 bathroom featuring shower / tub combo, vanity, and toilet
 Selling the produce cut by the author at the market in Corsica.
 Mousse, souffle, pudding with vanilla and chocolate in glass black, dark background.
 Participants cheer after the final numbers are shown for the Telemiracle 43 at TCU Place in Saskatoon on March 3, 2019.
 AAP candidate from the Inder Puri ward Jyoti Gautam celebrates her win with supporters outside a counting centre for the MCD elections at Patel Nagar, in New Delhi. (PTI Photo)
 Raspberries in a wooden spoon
---
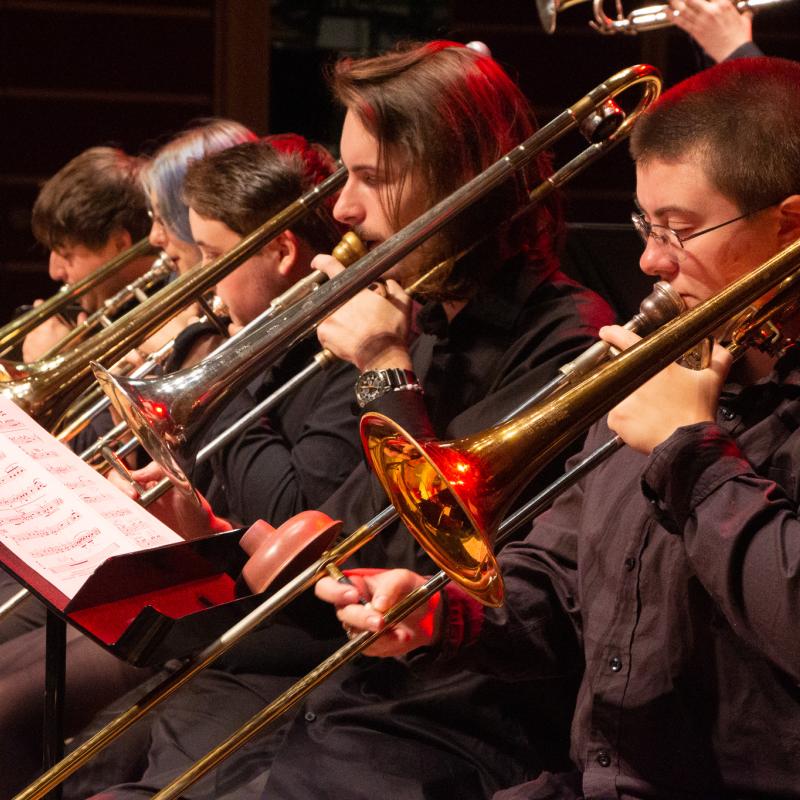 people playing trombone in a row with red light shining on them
--
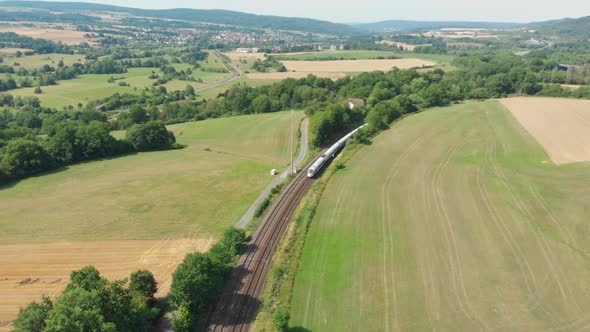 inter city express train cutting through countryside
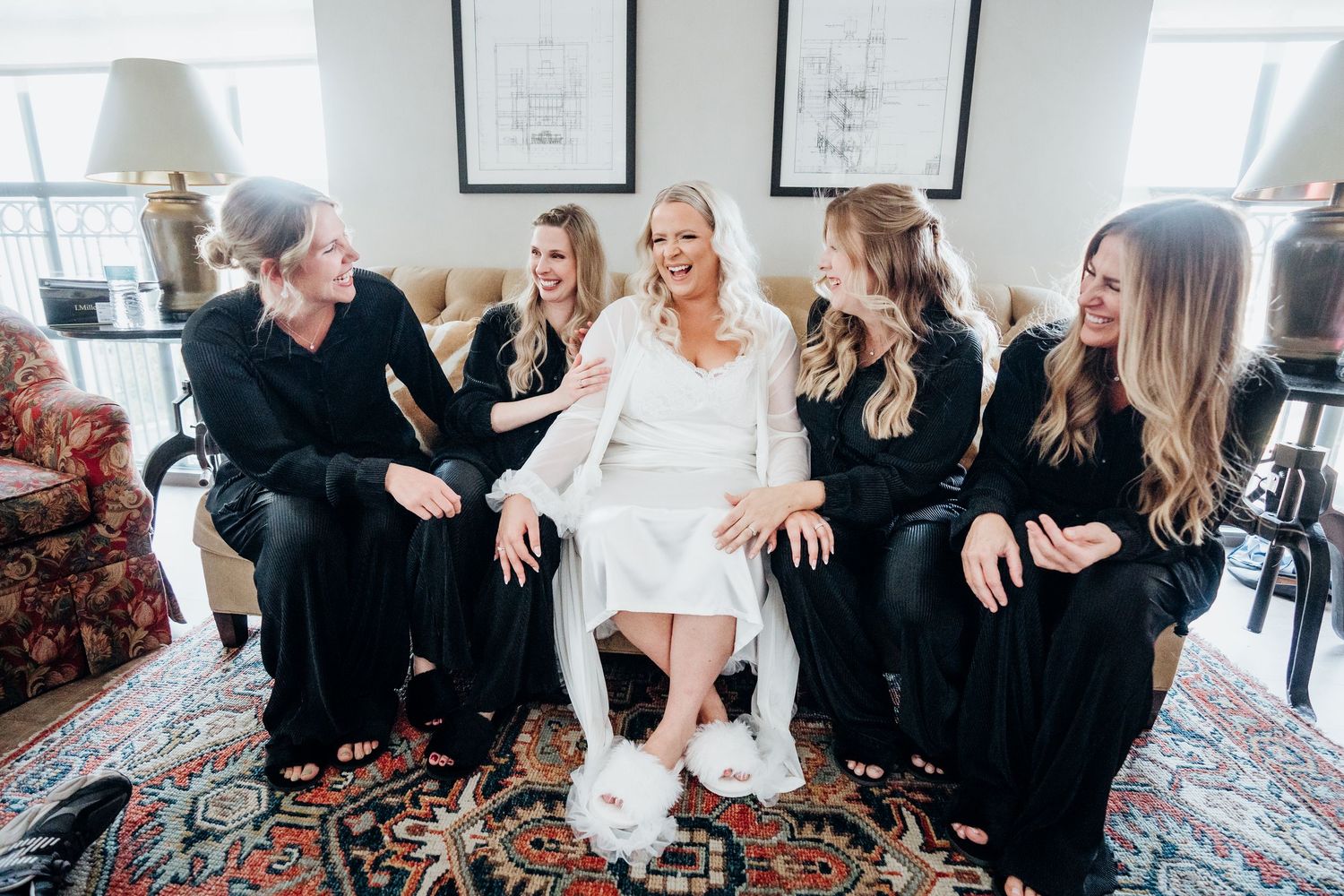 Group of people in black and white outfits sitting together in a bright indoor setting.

ASSIGNMENT |
Your answer should consist only of the lines above between the line holding "Selling the produce" and the line holding "Raspberries in a wooden spoon", inclusive, each transcribed exactly.

REPLY |
 Selling the produce cut by the author at the market in Corsica.
 Mousse, souffle, pudding with vanilla and chocolate in glass black, dark background.
 Participants cheer after the final numbers are shown for the Telemiracle 43 at TCU Place in Saskatoon on March 3, 2019.
 AAP candidate from the Inder Puri ward Jyoti Gautam celebrates her win with supporters outside a counting centre for the MCD elections at Patel Nagar, in New Delhi. (PTI Photo)
 Raspberries in a wooden spoon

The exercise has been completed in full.